Your earholes look lonely. Why don’t you fill them with some of these pieces of music and then rub your eyeholes on the words that I’ve written about them?

Lydia Loveless – Real
Lydia Loveless is a left-field “alt-country” artists who, despite this being her fourth album, I have never heard of. She relies on the over-emphasized drawl employed by so many “outlaw country” artists, which seems a little bit put-on in most cases. A little further digging to hear her speaking voice confirms this. All that being said, I get the impression that her work could be up my alley if it were presented in an unvarnished and straightforward manner. “Longer”, her new album’s first single is not that. It has a pop polish that seems to be begging for mainstream appeal. The clever songwriting turns (of which there are a few in this tune) and any authenticity that her vocal performance may have had are both positively buried by overzealous and production work. It’s a shame, but this introduction has led me to looking into some of her earlier releases, which are a bit more palatable to me. I’m not interested in this new record based on this, and would rather listen to her band covering Echo and the Bunnymen.

Edit: This (very recently released) video from the new record is much more to my taste:

Dolly Parton – Pure and Simple
Guys, I’m not going to slag Dolly Parton. She’s a treasure. I’ll slag whoever designed this album cover, because this looks like a K-Tel release. Dolly’s voice still sounds great, although I’m letting my feelings about cheesy “sincerely spoken” little lines slide a little bit.

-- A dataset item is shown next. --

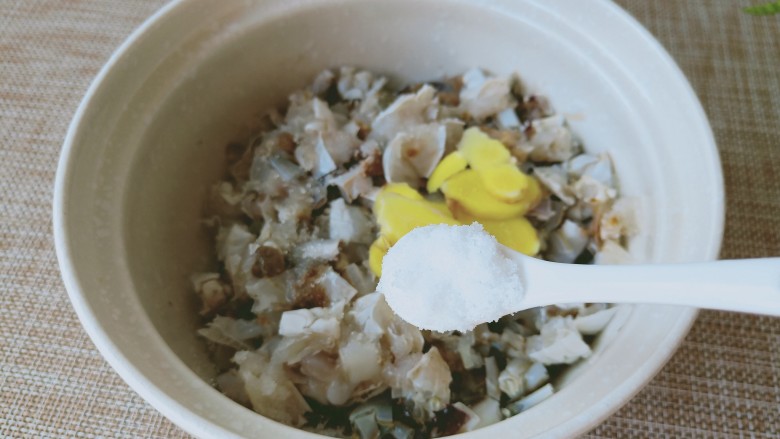超级美味下饭菜‖螃蟹糊,加盐在蟹糊里,可以根据自己的咸淡来放。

Look, this is dorky music for old people, but it’s Dolly fucking Parton and we will give her a pass.

Ed Harcourt – Furnaces
When I was working at a record store in the very-early 2000s, I remember finding Ed Harcourt’s first album in a pile of promotional discs. Upon listening to it, I was reasonably interested – particularly given that it hewed fairly closely to what I was listening to at the time. It landed in the territory of a more indie-edged take on early Radiohead or a Coldplay that wasn’t unlistenable, so I gave the album a few spins. I lost track of Harcourt immediately after, but he’s apparently been working consistently ever since, Furnaces being his eighth release. His work hasn’t changed drastically, if anything seeming slightly more rough-edged on this album. It remains rather intricately arranged piano-centred pop music, and he’s still better than the best that Coldplay can offer. I’m not compelled to seek out the album’s remaining tracks based on this single, but I feel like this is actually quite competent work.

Lisa Hannigan – At Swim
I think that from now on whenever I’m trying to explain to somebody what I mean when I say “You know that voice that every singer uses in soft songs these days?”, I’m just going to pull up this Lisa Hannigan song. This is a quintessential example of the breathy, simultaneously mumbly and hyper-enunciated manner of singing that seems to have been everywhere for the last ten years or more. Not necessarily a slag! I like some artists that sound like this, and I don’t dislike this. The song is actually lovely, and the production is pleasantly stripped-back and dreamy. I’m just saying – if you don’t have any patience for the ubiquitous “whispery voice” affectation, this is going to drive you completely up the wall.

Nels Cline – Lovers
Nels Cline has been Wilco’s lead guitarist ever since Jeff Tweedy kicked out that one fat guy and ruined his life. He’s a pretty spectacular guitar player. From the recent Wilco records that I’ve heard, he’s been responsible for some of the band’s instrumental high-water marks and also responsible for some of their least forgivable forays into jam-band wankery. This album finds Nels and a 22-piece orchestra trotting out some tightly performed jazz numbers, with jazz guitar taking centre stage for much of it. It’s difficult to pass judgment on this, given that it is played so impeccably. I do feel, however, that I was enjoying this track more before the guitar waltzed in and started prancing around like it owned that place.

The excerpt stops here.